Richard Leonard and Kath Ryall: Why we should support the Give Me Five campaign


Scottish Labour MSP and party leadership candidate Richard Leonard pens a joint blog with Kath Ryall, a supporter of the Give Me Five campaign, urging a top up to child benefit

AT last week’s STUC women’s conference delegates supported a motion to increase child benefit by £5 per week per child.

There is clearly no chance that the Tory government would implement this but the SNP Scottish Government now has new powers which would enable it to top this benefit up. It should use these powers both for the immediate beneficial impact on children in Scotland and for the wider goal of achieving a more equal society.

The STUC motion supporting the Give Me Five campaign opens up the debate about universalism versus selectivity, or “targeting” as it is often, rather misleadingly, called. This debate is fundamental to what sort of welfare state we want to have; one which supports a fair and inclusive society or one which reverts to Victorian notions of givers and receivers with all the divisiveness and stigma that entails.

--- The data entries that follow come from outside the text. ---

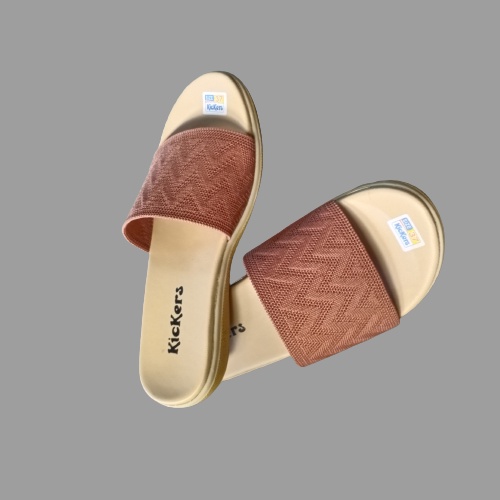 Sandal rajut/Sandal Selop Rajut Import/Sandal rajut kickers premium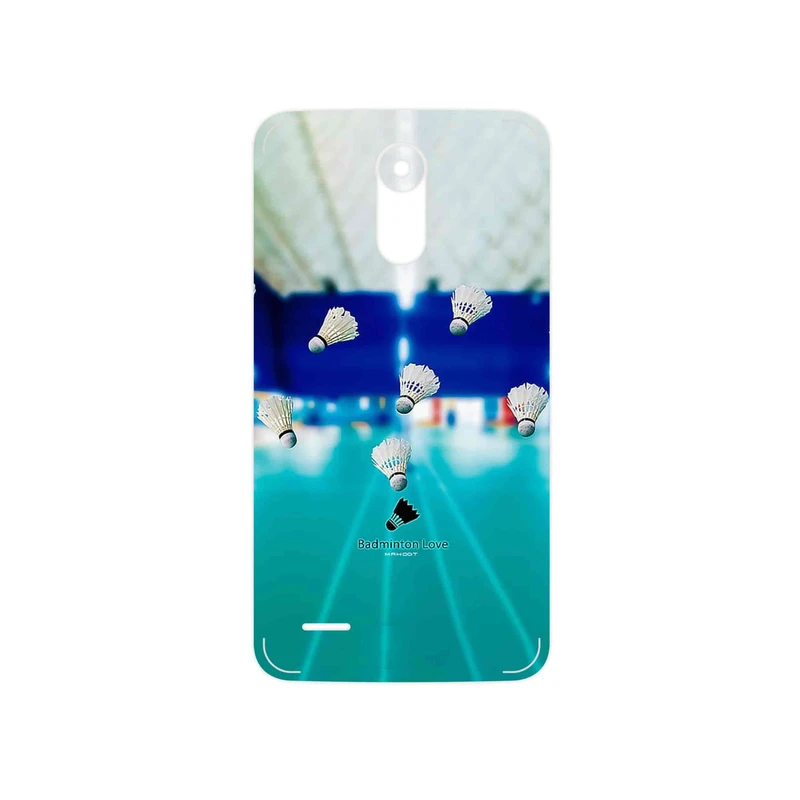 برچسب پوششی ماهوت مدل Badminton مناسب برای گوشی موبایل ال جی Stylus 3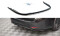 Mittlerer Cup Diffusor Heck Ansatz DTM Look passend für Toyota Avensis Mk3 Facelift schwarz matt
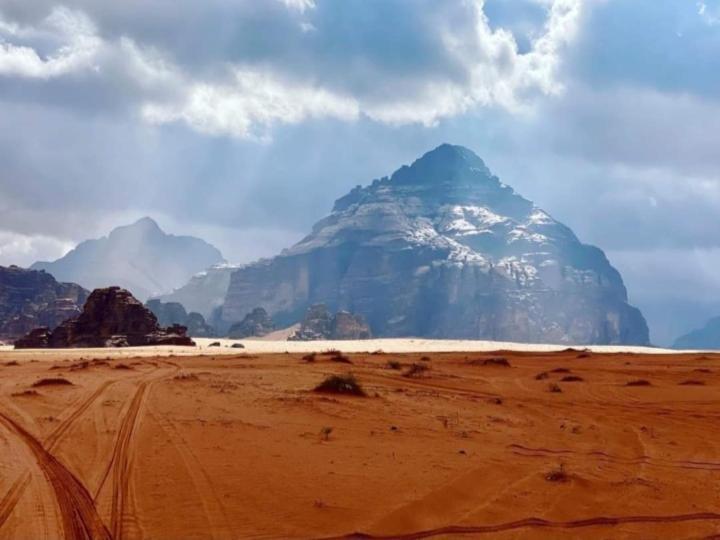 Desert Star Camp Wadi Rum Exterior foto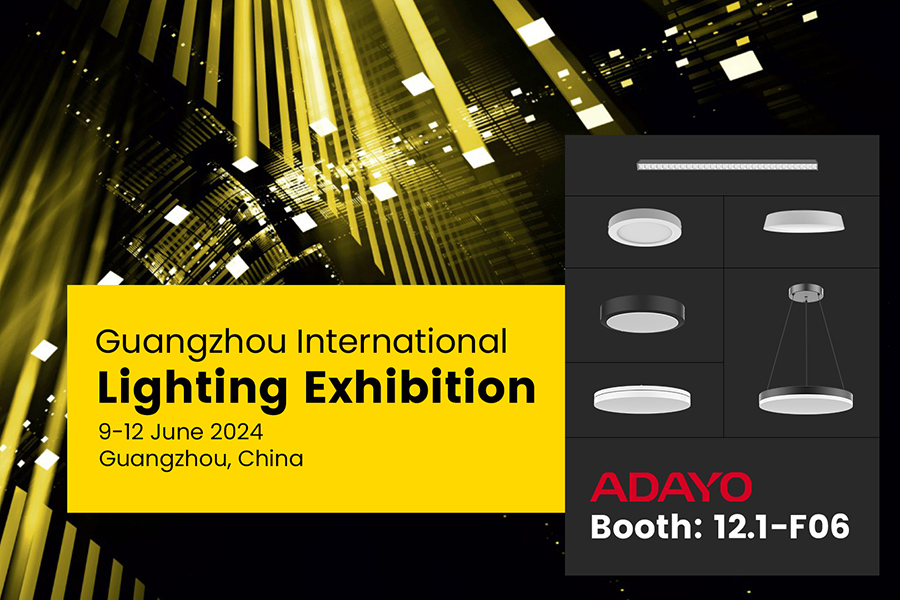 Looking forward to seeing you in Guangzhou International Lighting Exhibition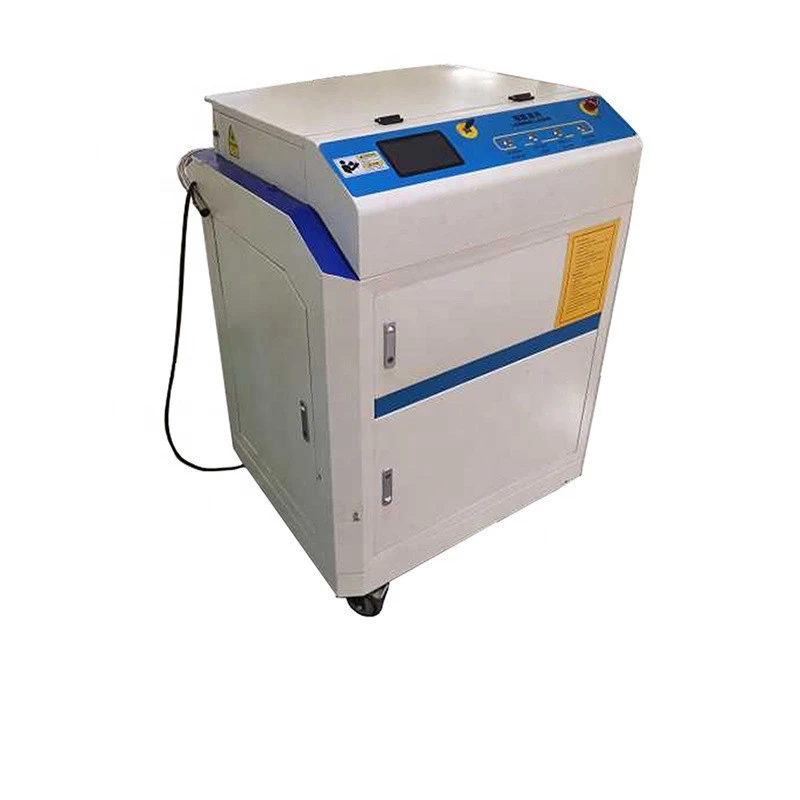 200W Laser removal grease plating and surface resin laser cleaning machine rust removal
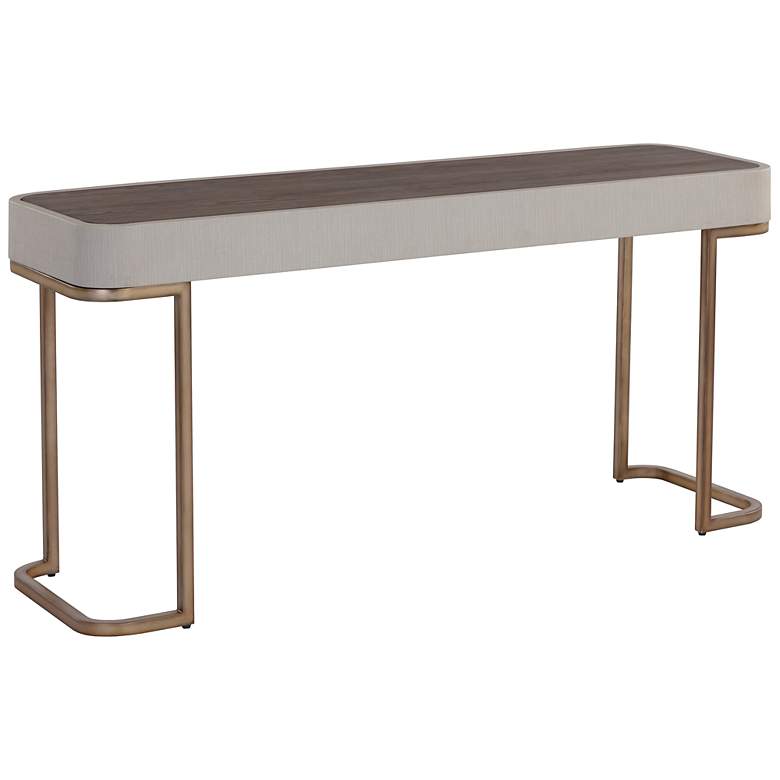 Image 5 Sunpan Jamille Console Table Cream more views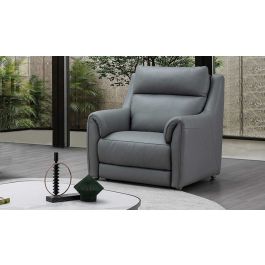 Fotel relax | Skórzany Fotel Relaks | Delux Deco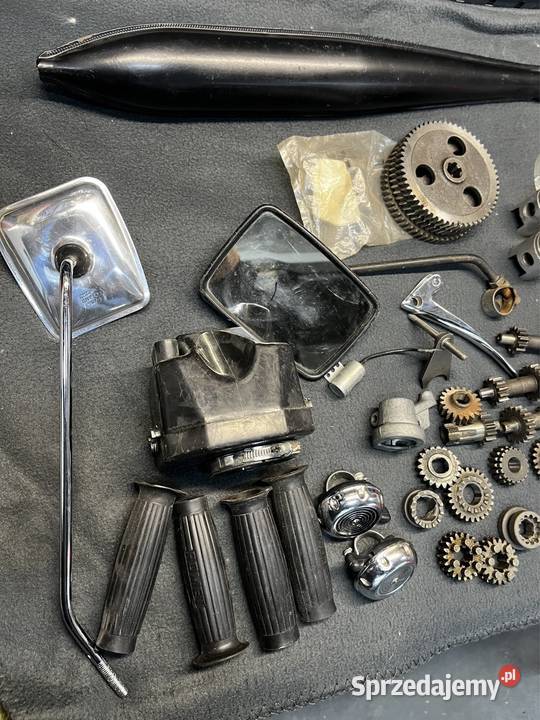 Romet motorynka komar Pegaz pony m1 m2 m3 301 Pozostałe Pleśna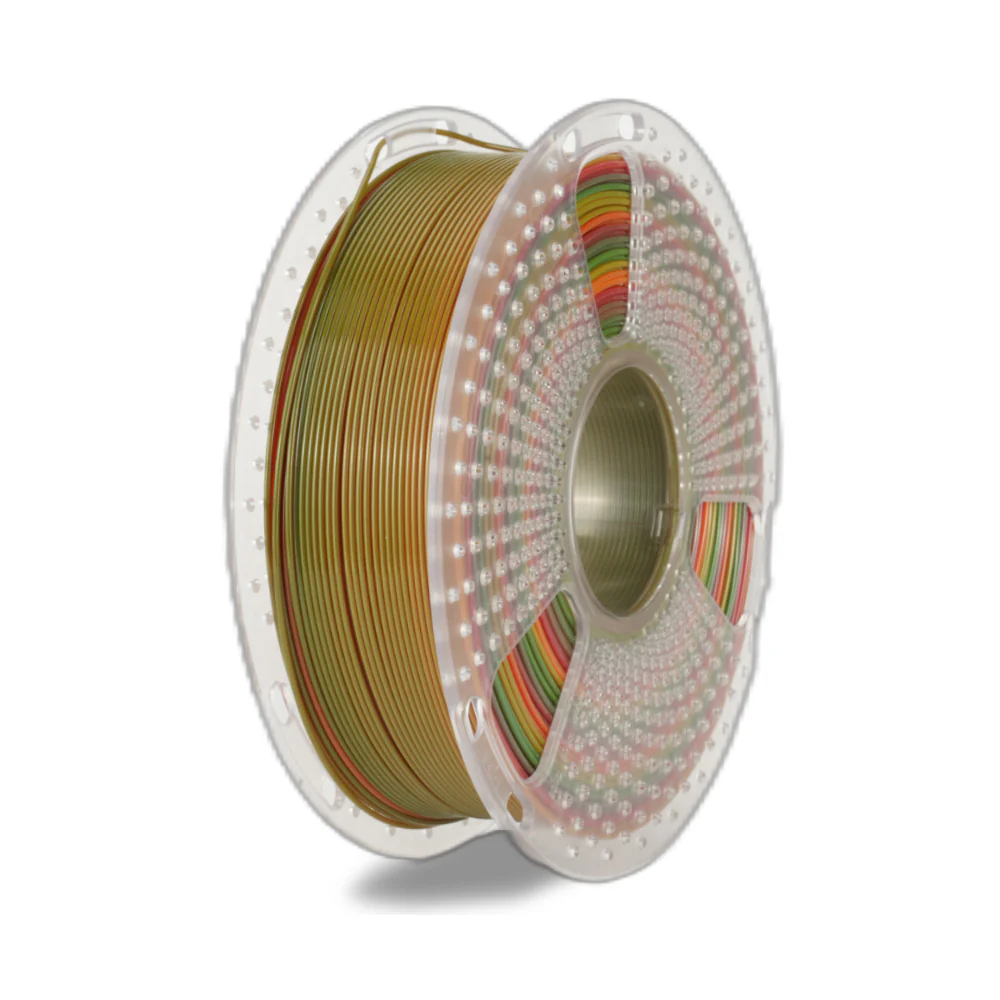 PETG Rainbow Filament 3D Printer Filament 1KG - Image 3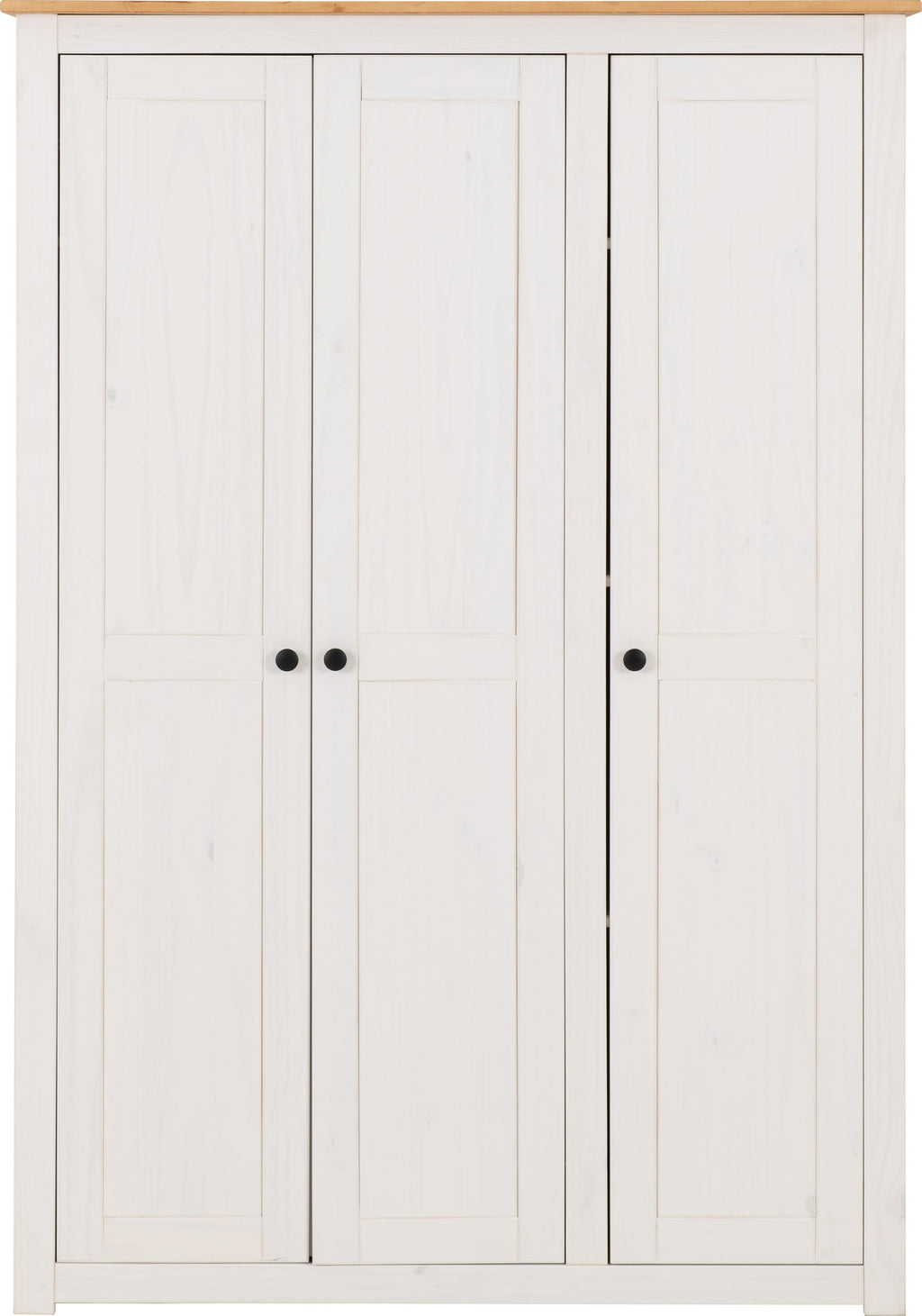 Panama 3 Door Triple Wardrobe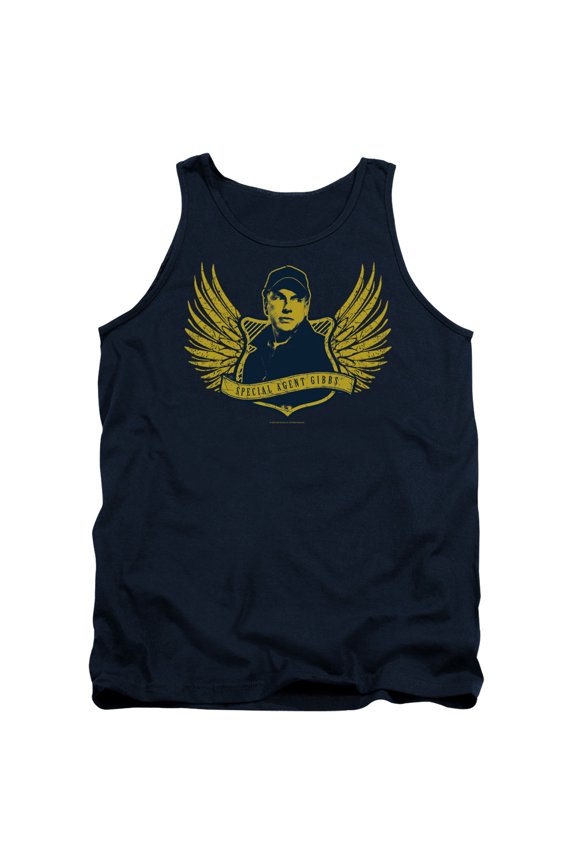 Ncis Go Navy Adult Tank Top Navy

READ MORE: Ross Ahlfeld: Let’s back the Give Me Five campaign to increase child benefit

Child benefit is a universal benefit paid to everyone who has a dependent child regardless of their income. The take up is very high, around 97 per cent. It is simple to understand and cheap to administer. 

Importantly, it provides a stable element of income for people whose earnings may fluctuate wildly due to zero-hours contracts, a high dependency on overtime or other forms of precarious employment. By contrast, earnings fluctuations in a means tested system are known to cause errors and delays in payments. 

The Child Poverty Action Group supports an uprating of child benefit rather than a means tested approach, because it is a major reason for families having to resort to foodbanks. Because child benefit is not means tested it avoids the situation where there could be a disincentive for people to earn more if their increase in wages was less than the loss of benefit – a perfectly rational response in that context, but something which rightwing commentators love to moralise about.

By contrast, the present system of child tax credits, which is being replaced by universal credit, has all the problems of identifying initial and ongoing eligibility that go with means testing. 

It is subject to constant reassessment as people’s circumstances change, is limited to two children and thus part of the overall attack on large families exemplified in the benefit cap, and can deter from applying those people who have literacy problems or whose first language is not English. 

We used to talk about the “hated means test” for a reason but that is what “targeting” is, despite the often well-meaning but ultimately spurious arguments about selectivity. The proponents of targeting chose to ignore the evidence that universal benefit systems tend to be those that benefit low income groups the most.

One frequently used argument in favour of targeting is that it means that more money can go to those who need it most. But would that happen? It is certainly the case that topping up child benefit would be much more expensive than topping up child tax credits, but would the additional money, around £120m per annum, be directed towards alleviating child poverty? 

The rationale for means-tested benefits has always included, usually as the dominant reason, saving money, and given the long term rightwing strategy of stigmatising benefit claimants, it is hard to imagine there would be an easy shift of the “savings” to the “undeserving” poor.

So why support the Give Me Five campaign? Poverty currently affects one in four children in Scotland. The impact of that on any hope of achieving a successful and more equal society is huge, but a £5 per week top up to child benefit would lift 30,000 children out of poverty, with all that means for their long term future.

A £5 per week top up to child benefit would lift 30,000 children out of poverty, with all that means for their long term future.

And their future is also our future, an idea which was very much part of the original concept of universal child benefit. (The use of the term universal credit to describe the new benefit is interesting here – it is anything but universal.) 

The fact that access to child benefit is not means tested ensures broad support for it as an investment in a common future. Societies which use universalistic social policies, such as the Nordic countries, tend to have lower levels of social inequality and therefore enjoy greater wellbeing for their citizens.

This is why the arguments for using universal child benefit as a means of alleviating poverty rather than a targeted means-tested system are so important.

The Give Me Five campaign for a £5 per week top up is important not only to lift 30,000 children in Scotland out of poverty but to re-establish a general policy in favour of universal benefits together with progressive taxation so that we are all equal before the state and have common, not divided interests.